Las investigaciones sobre políticas fiscales señalan que esos mensajes catastrofistas que urgen a rebajar ya los impuestos, porque son excesivamente elevados, no se corresponden con la realidad. Un pistoletazo de salida de esta tesis se produjo a partir de la década de 1980; pero ese reguero sigue permanente en los 2000. El gran referente que se sigue teniendo es Estados Unidos: se nos dice que con Reagan se bajaron los impuestos –y que ello generó mayor crecimiento…al tiempo que déficits presupuestarios y comerciales–; pero que, a pesar de esto, la tributación debería contraerse todavía más. De hecho, la reforma tributaria de Trump, en 2018, fue en esa línea. Partidos de derechas y ultraderechas en Europa aplauden esa iniciativa.

            En Estados Unidos –insistimos: el señuelo para los que abogan por el recorte de tributos–, el relato económico-fiscal más reciente se puede telegrafiar así, en función de la novedosa investigación de Emmanuel Saez y Gabriel Zucman (The triumph of injustice. How the rich dodge taxes and how to make them pay, Penguin, Nueva York, 2021): hacia 1970, los estadounidenses más ricos pagaron en impuestos más del 50% de sus ingresos; esto duplicaba lo que devengaba en impuestos la clase trabajadora. Pero en 2018, tras la reforma de Trump –el modelo que, rubricamos de nuevo, siguen los partidos conservadores europeos–, los multimillonarios norteamericanos pagaron mucho menos que obreros, docentes, investigadores y jubilados.
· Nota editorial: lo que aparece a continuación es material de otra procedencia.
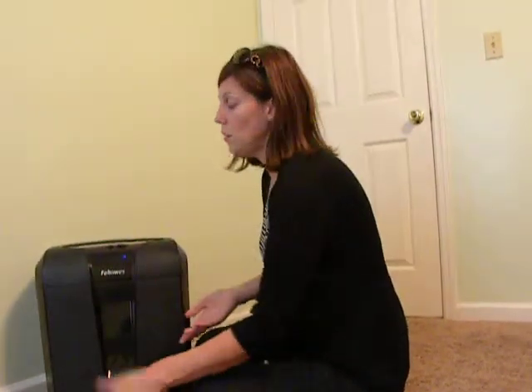This shredder seems to be made really well. I've had no problem with it. I've been using it for a week or so to clean out a lot of files.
La conclusión es tremenda, palmaria: los ricos están viendo retroceder los impuestos que pagan a los mismos niveles de la década de 1910, cuando el Estado tenía una cuarta parte del tamaño actual. En paralelo, la clase trabajadora paga más impuestos: del 3% de sus ingresos en 1950, al 15% en la actualidad. La confiscación se halla aquí.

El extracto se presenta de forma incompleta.